Date: 2020-04-17 03:38 pm (UTC)As for Lloyd Alexander, I prefer his Westmark trilogy, but that does get awfully dark, so you might want to wait on it.
Regarding "The Perilous Guard": Pope's "The Sherwood Ring" is awfully good too.
I can't recommend more highly Patricia A. McKillip's "Riddle-Master," which was originally published for teens. My review here: https://duskpeterson.dreamwidth.org/273236.html
If your niece likes fantasy, she should definitely try E. Nesbit and Edward Eager, even though their protagonists are younger than her.
Non-SFF:
Eleanor Cameron's "A Room Made of Windows" is inspired by her own childhood and is set, as I recall, in the San Francisco area in the 1920s, though I didn't guess that as a kid. I read the novel over and over. There are sequels that I haven't read yet.
Alice Dalgiesh's "The Silver Pencil" is based on her own childhood and early adulthood in the early twentieth century, following her journey from Trinidad to Britain to the U.S. My review here: https://duskpeterson.dreamwidth.org/279793.html
Christie Harris wrote four fictionalized accounts of members of her family growing up in mid-twentieth-century Canada. My reviews of the first two novels are here: https://duskpeterson.dreamwidth.org/283130.html#cutid2 https://duskpeterson.dreamwidth.org/284090.html#cutid2
Norma Johnston's Keeping Days series may have too many boyfriend passages to interest your niece at this stage, but it's a series to keep in mind for the future.
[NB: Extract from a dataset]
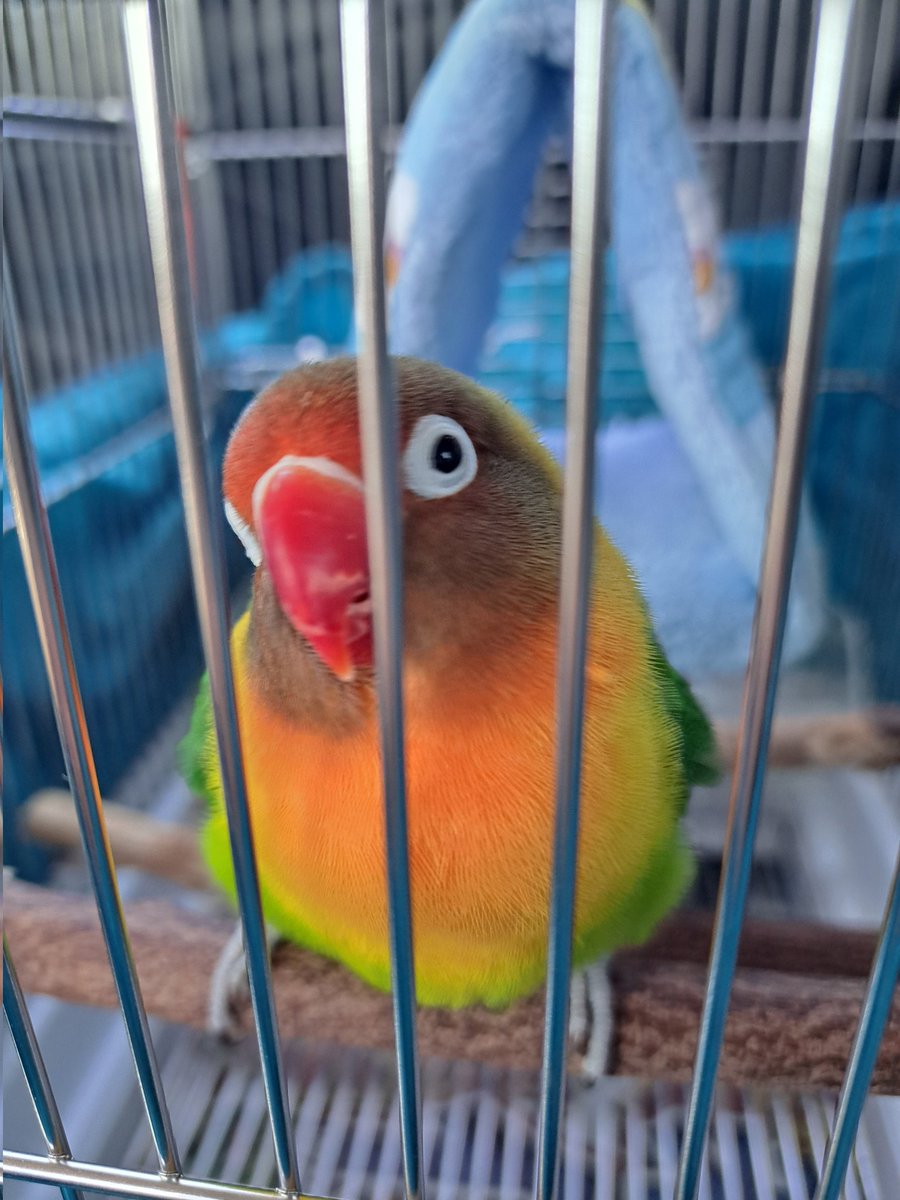 ぴにゃっち𓅫 tweet media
It's set at the beginning of the twentieth century, based on family stories that Johnston grew up with; the primary focus is on the protagonist's family and community.
One disadvantage of my taste in books is that they're usually out of print. :) However, may I recommend ThriftBooks for inexpensive used copies?
Re: In case this is still helpful . . .
Date: 2020-04-18 05:17 am (UTC)These sound really cool, thank you!